*** INFORMATION SUPPLIED ***
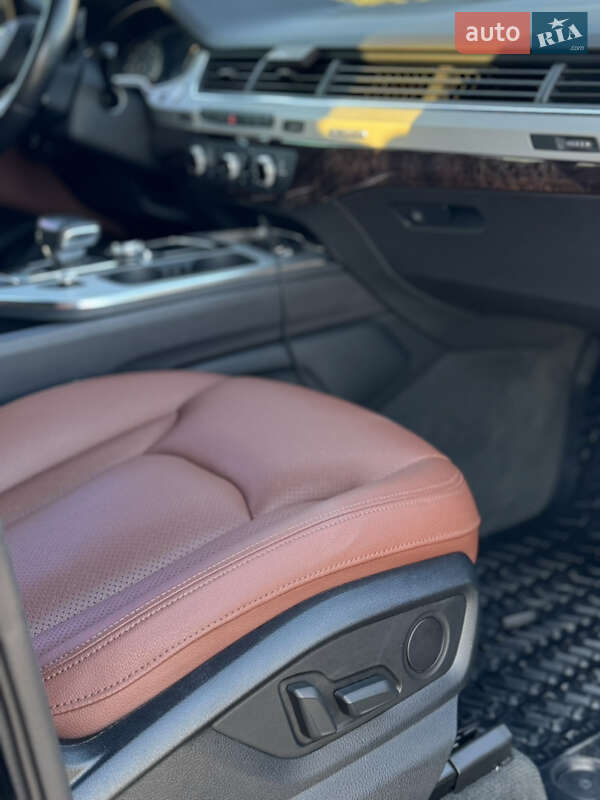 Внедорожник / Кроссовер Audi Q7 2019 в Новомосковске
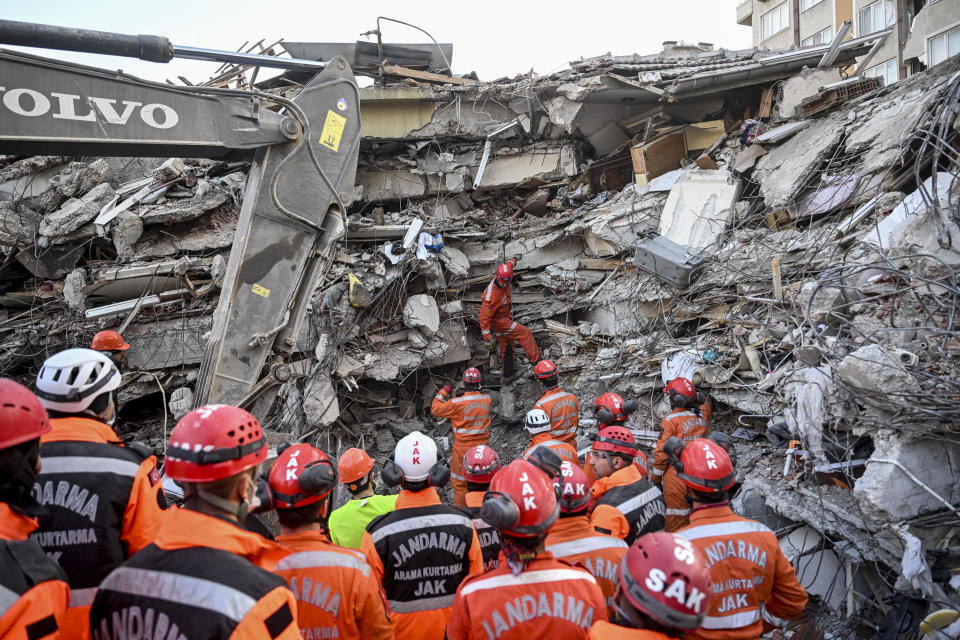 Hatay, Turquía, siguen los esfuerzos para buscar sobrevivientes de los sismos con magnitud de 7.7 y 7.6. (Photo by Ercin Erturk/Anadolu Agency via Getty Images).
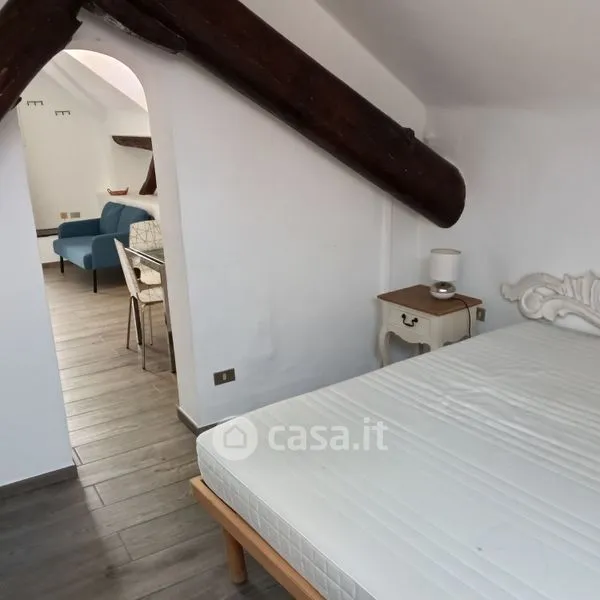 Chambres - Mansarded Studio in Historic Building, Genoa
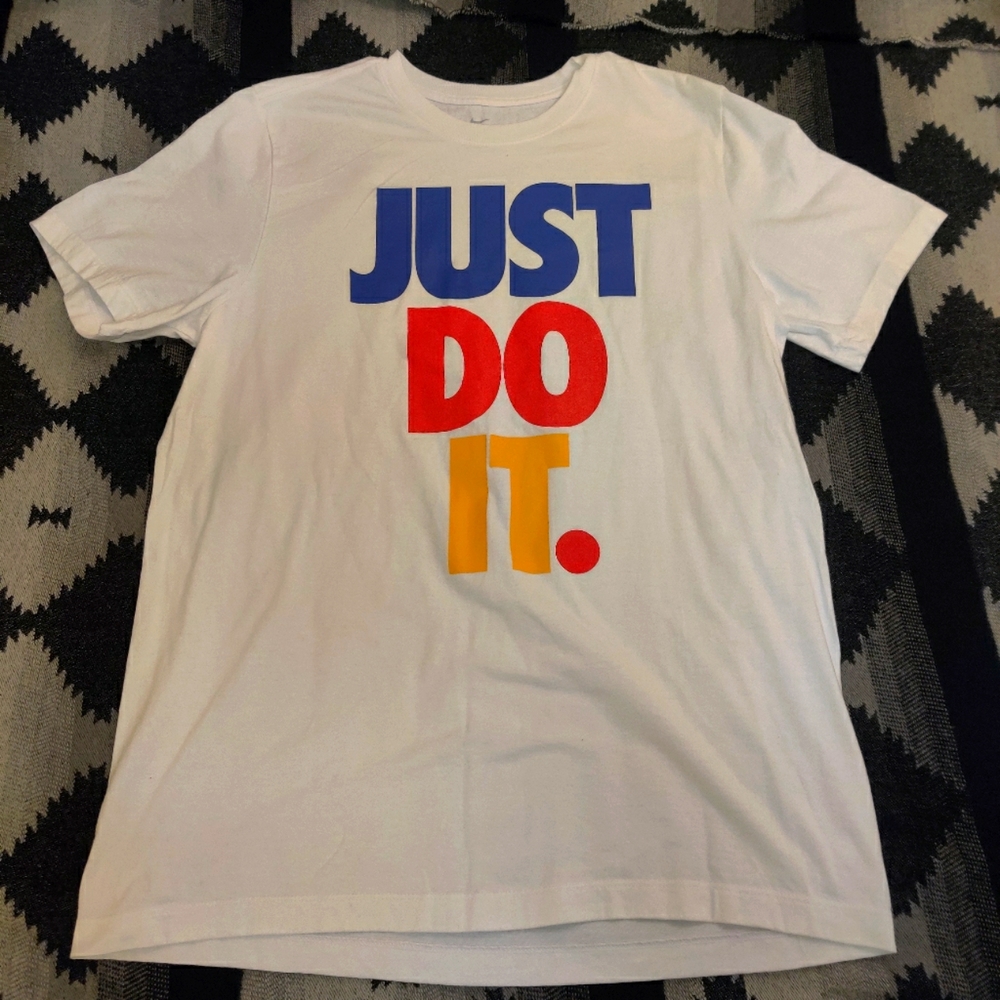Nike Tee shirt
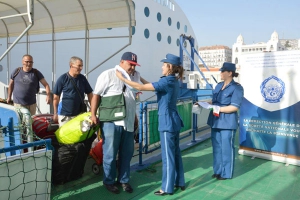 أروقة خضراء و 45 ثانية لإنهاء إجراءات الدخول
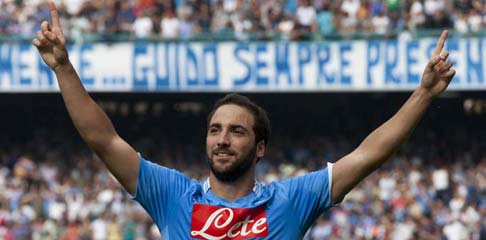 Review: Penalti Higuain Menangkan Napoli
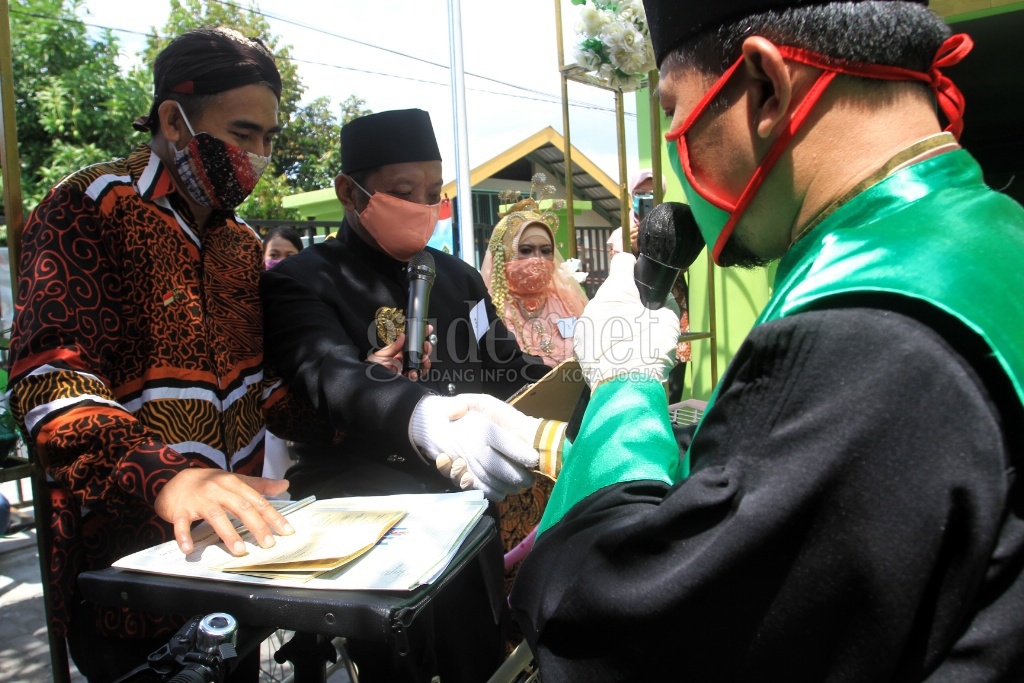 Awalnya Tidak Percaya ada Nikah Bareng, Akhirnya Pria ini Resmi Jadi Suami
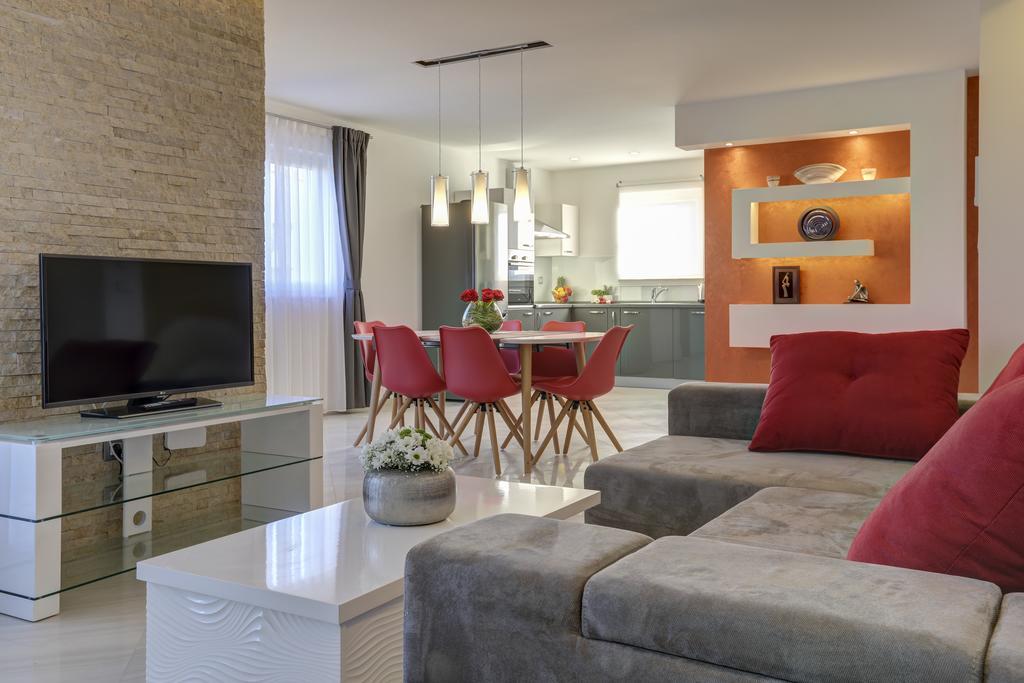 Viras Luxury Holiday เปรมันตูรา ภายนอก รูปภาพ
*** End of INFORMATION SUPPLIED ***
__WORK TASK__. Begin the copy at the line containing "أروقة خضراء و 45 ثانية لإنهاء إجراءات الدخول" and end it at the last line of the records; transcribe exactly and exclude pictures.

__SOLUTION TO THE EXERCISE__.
 أروقة خضراء و 45 ثانية لإنهاء إجراءات الدخول
 Review: Penalti Higuain Menangkan Napoli
 Awalnya Tidak Percaya ada Nikah Bareng, Akhirnya Pria ini Resmi Jadi Suami
 Viras Luxury Holiday เปรมันตูรา ภายนอก รูปภาพ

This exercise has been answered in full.